Furthermore, there’s very little art criticism worthy of the name. Theory destroyed stupid art by stupid artists but could not destroy the stupidities of “theory” itself and the use of language to obfuscate rather than illuminate. Sounding serious became more important than actually being serious.
Finally, the history of art since 1945 hasn’t been rewritten, as is now required. There is a refusal to utilize the necessary conceptual tools that are available — imagining art history as a braid rather than a ladder; picturing art as existing outside and/or above and beyond the art market, and likewise in regard to academia; the reconfiguration of the relationships between art and life; using the sociogram rather than the family tree to visualize stylistic and other relationships.
It is rare indeed that you come across an artist who both pleases and provokes, who makes you rethink some of your assumptions. His career trajectory doesn’t fit the mold, nor does his art. He has moved from object making to performance. In the past it has usually been the other way around, with artists cashing in on notoriety. Nor do his TASKS, “Actions”, or performances conform to academic standards. That’s why I like Herring’s work.
#1 Erroneous Presumption #1: Art is not about self-expression.
That strain — the Expressionist strain — had come to a frazzled end and went back into hiding, at last. We were not supposed to understand that Minimalism (say, of Judd, Flavin, LeWitt) did indeed express something: a lack of affect and affection and, contrary to whatever political beliefs these men had and even acted upon, a disengagement with the world. But, oh yes, sans the unavoidable Platonic reverences that clean geometry forces. There is safety in numbers; there is neutrality in geometry. Postminimalism used irregular forms to express the same retreat and, at the time, the required cool, turning another back on the art of the ’50s and the political and sociological uproar of the ’60s. And self-expression? Too much like art therapy! Excuse me; the world needs all the therapy it can get. I am not sure that art alone will make you whole, but it probably does a better job at this than psychotherapy.

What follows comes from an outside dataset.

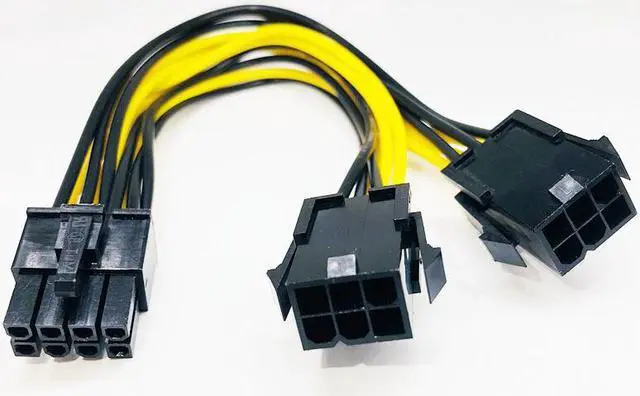 Alt view image 3 of 5 - Graphics card Dual 6Pin Male PCI-E To 8Pin Female GPU video card 2X6pin to 8pin CPU 18AWG Power Supply Cable Y-Splitter Adapter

Herring sees himself, in part, as offering platforms for self-expression. How totally uncool. Hoorah. In Philadelphia he garnered over 400 volunteers for a TASK event.
Even for his gallery “actions” at Meulensteen he only used volunteers and — here’s the kicker — they keep coming back for more, which for him is proof enough that he is on the right track. Everyone craves self-expression; everyone wants to leave a legacy. And this is the Warholian aspect: everyone is a star, everyone is immortal.
And Herrings own self-expression? The carpal-tunnel inducing exercises in obsessive knitting were a personal response to the AIDS crisis.
We will have to leave the full complexities of Herring’s photosculptures for another time. My guess is that they have something to do with getting close to a stranger through the peephole of the camera and than immortalizing that closeness for reexamination through collage, bringing photographs (2D) to “life” (3D).
In much the same way that Paul Thek during his European period re-used certain works (like Fishman) for various installations, Herring at Meulensteen quoted his photosculptures: close-up photos of a model are reassembled on a Styrofoam armature to portray the model, thus putting the photo back into Photo-Realism.
His new variant (performed Oct. 9 and called Cut-Out Male B) conformed to the printed description: “A male participant’s entire body will be photographed in advance of the performance. During the performance the printed images will be applied directly onto the performer’s nude body.”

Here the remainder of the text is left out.